I think we're very conscious that we have groups in our society who are not succeeding in the education system. We're proud of what has been achieved but for particularly Maori and Pacifika students who haven't been achieving, we need to look at what we're doing to turn that around. It's not just schools who can do that. The issue is how ready are students for education and a lot of that comes back to poverty and lack of support.
5. You were at Diocesan School for many years before Epsom: do wealthy schools provide children with more opportunity?
In my early career I worked at very different schools from these last two. There the focus was still on helping students to achieve the best they could in the classroom and outside of it.

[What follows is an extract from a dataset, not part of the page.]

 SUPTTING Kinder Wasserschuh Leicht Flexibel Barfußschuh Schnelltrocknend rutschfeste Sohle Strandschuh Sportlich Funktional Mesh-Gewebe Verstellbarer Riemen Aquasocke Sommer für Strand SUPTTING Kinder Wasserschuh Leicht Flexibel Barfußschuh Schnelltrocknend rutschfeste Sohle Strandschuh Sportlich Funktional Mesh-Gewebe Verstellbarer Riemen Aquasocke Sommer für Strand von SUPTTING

At a wealthy school there might be more opportunities for such things as trips and elite coaching because the parents can afford to support these.
6. What might many parents not know about their teenagers?
Sometimes their children feel quite pressured by their parents' expectations and they feel quite pressured by the expectations that schools put on them to achieve as well. We live in a very competitive world for families and children and sometimes there's a sense of 'if my daughter doesn't have this great list of extra-curricular activities she's not going to be seen as successful'. It has to be a balance.
7. Are children mollycoddled these days, do you think?
They certainly have less freedom than I or my children did because parents are so concerned about their safety and committed to providing them with as many extra-curricular activities as they can. It's important to ensure that children have time to relax and to create their own entertainment rather than having it all organised by adults.
8. As a parent, what are the three most important things you can teach your children?
I think it is respect for yourself and for others, confidence in yourself and the communication skills to talk about your own needs and those of others.
9. Can you teach girls sexual self-respect?
Yes, you can but it has to come from self-respect for yourself overall. Girls need to be able to identify what is healthy behaviour for them in all areas of their lives and recognise when their own standards are being abused. They need to have the courage to make their own choices and not be pressured or manipulated by others.
10. The Roast Busters stories have highlighted studies showing some young girls don't believe they can say no to sex. Did that lack of awareness around consent surprise you?
Yes, because we work to make girls feel good about themselves and know that they have control over what they do and don't have to be pressured. We talk in health classes about the right to say no. But a lot of our girls would look at [the Roast Busters group] and say they are losers. There are lots of girls who would say 'that's not my world'.
11. Has pornography changed the way teenagers see sex, do you think?
Yes, I think it has because it is now so much more accessible but you don't have to view pornography to see manipulative and abusive images of sex. Many music videos and even advertising present very negative images of abuse of power in sexual relationships. Young people need to see much more positive images in their family and their community where warmth and caring provide love and support. They need to be able to think critically about how they and their friends are being manipulated and desensitised by the images they are exposed to.
12. I think a lot of parents have felt confused by the Roast Busters revelations. Is the world really so different for teenagers these days?
There's a lot of pressure out there that didn't exist in their parents' time with technology and media but essentially it comes down to people wanting to belong. And one of the biggest pressures that kids today have is wanting to be part of a group. And it's not all negative. There are some wonderful young people around who have a real sense of service and concern about what's happening in the world. Climate change or other issues and they want to help people in the community. It's so far from the Roast Busters and we have to keep that in mind. There are incredibly positive young people who are so committed to making the world a better place.